- Information provided
▬▬▬▬▬▬

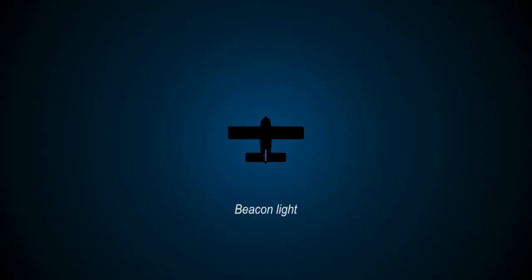The beacon light is a flashing red light usually fitted to the top of the rudder, or on bigger aeroplanes, the top or bottom of the fuselage. This light is visible all around the aeroplane, and its purpose is to alert others that the engine is running or the aeroplane is moving.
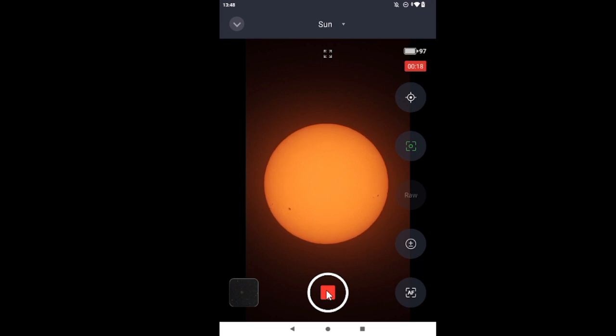But this is the first time in which I'm able to find the sun without any help. Actually, the Seestar is able to find the sun without any help from me. I like it. There's my 30 seconds.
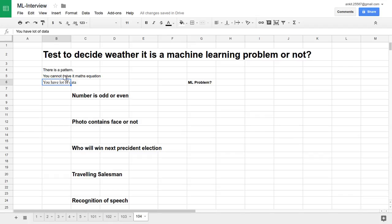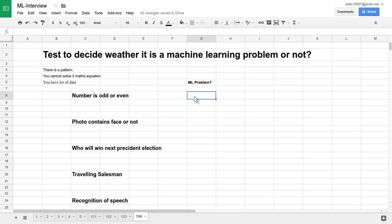I have listed five problems and we will test each one. The first problem is determining whether a number is odd or even. It looks like a very simple K-12 level problem. We already know the logic: if a number divided by two has a remainder of one, it is odd; otherwise it is even. There is a pattern, but we can already decode it and write it as a mathematical equation. We do not need a lot of data — we already know the rule. So this is definitely not a machine learning problem.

▬▬▬▬▬▬

- Problem description
Nothing but the pictures is to be left out; repeat the data exactly.

- Result of the exercise
The beacon light is a flashing red light usually fitted to the top of the rudder, or on bigger aeroplanes, the top or bottom of the fuselage. This light is visible all around the aeroplane, and its purpose is to alert others that the engine is running or the aeroplane is moving.
But this is the first time in which I'm able to find the sun without any help. Actually, the Seestar is able to find the sun without any help from me. I like it. There's my 30 seconds.
I have listed five problems and we will test each one. The first problem is determining whether a number is odd or even. It looks like a very simple K-12 level problem. We already know the logic: if a number divided by two has a remainder of one, it is odd; otherwise it is even. There is a pattern, but we can already decode it and write it as a mathematical equation. We do not need a lot of data — we already know the rule. So this is definitely not a machine learning problem.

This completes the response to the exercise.